Author's Note: So, this chapter was supposed to be longer, but I have this irrational superstition of the number thirteen and I just needed to get a fourteenth chapter up ASAP or else.

Or else what? IDK, but I didn't want to find out. I said this was irrational.


That night I couldn't sleep.

I stared at my ceiling, my covers up to my neck, and I didn't sleep.

I could hear Charlie restlessly banging around in the kitchen downstairs, the soft hum of late night/early morning infomercials playing from the living room.

He was probably hungry; we hadn't eaten anything all evening.

We spent the entire time sitting on opposite sides of the couch and hardly speaking, until I couldn't take it and went to bed.

I kept my cell phone on and resting against my stomach, in case Edward called. We never spoke on the phone before, but I knew he had my number. I was hesitant to call him and I knew I shouldn't have been, no matter what the clock said.

For the tenth time I maneuvered under the covers; my eyes watered at the glare of the cell light, but I scrolled through my contacts and stared at the pixels of his name.

I closed my eyes, told myself to grow up, and pressed send.

The ringing blared in my ear. I counted each one, praying he would answer.

He didn't. The call went to his voicemail, and I shivered at the sound of his voice.

"Hey, this is Edward. Leave a message."

Followed by the beep.

"Hey… it's me." I paused to lick my dry lips. In the small space, the air was turning hot and there wasn't a lot of oxygen. "I mean, it's Bella. I wanted to call and… see how you were. Maybe talk about what happened today…" I sighed and closed my eyes, burying my face into my pillow and twisting onto my stomach. "I'm sorry for the weird call, I just wanted to… I guess I just needed to hear your voice. Charlie's been really quiet… but he doesn't seem mad, so that's good… Are you okay? Did you talk to Carlisle anymore? Not that… it's personal, I know. You don't have to answer that. But I want to know." I exhaled. I felt the emotion rushing over me, the aftermath of the entire day spilling over the sides. I couldn't dam it up, and my voice was raspy from the effort. "I'm sorry, Edward. I wish you were here. I haven't even mentioned your mom or… just anything all week. You deserve so much better than that.
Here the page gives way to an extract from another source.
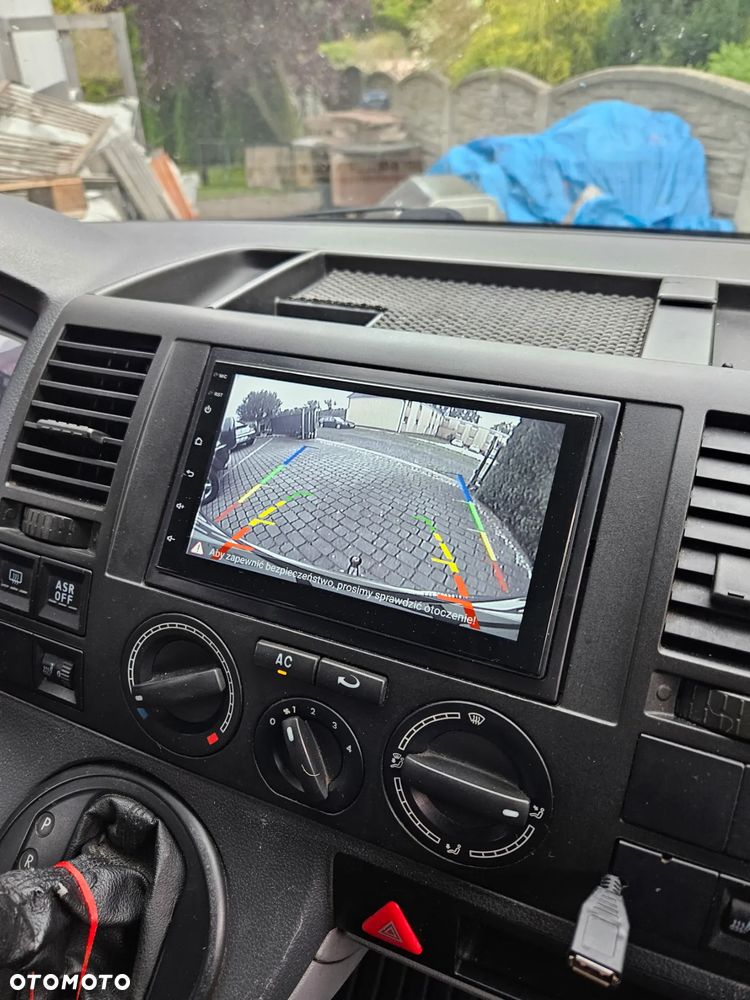 Volkswagen Caravelle - 40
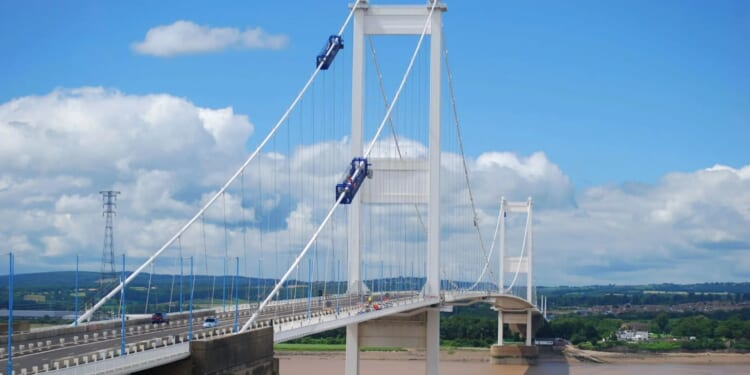 Major UK motorway bridge used by 80k Brits every day SHUTS in both directions due to strong winds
I was just so afraid. I don't even have an excuse… but you're so… so personal and I just wasn't sure what I could ask you and I didn't want to say anything wrong."

There was no one to answer me, but I paused anyway.

"Please forgive me. I… care about you. So much."

I pulled the phone away and ended the call just in time to muffle my sob against the pillow. I clutched at it as the next heave assaulted my lungs, and I twisted and folded my legs up, pressing my thighs against my shuddering torso.

I cried out everything: my worries, my insecurities, my hopes and fears. I cried for Edward and Esme and Carlisle. I cried for my dad. I cried out the last turbulent stormy months of my life until there was nothing left to cry about.

I don't know how long I cried, but eventually the tears abated and I stared off into the shadows on my wall. I studied their dips and turns. I watched the phantom leaves on the tree outside my window sway in the nightly wind.

It was around three in the morning that I felt my phone vibrate next to my head.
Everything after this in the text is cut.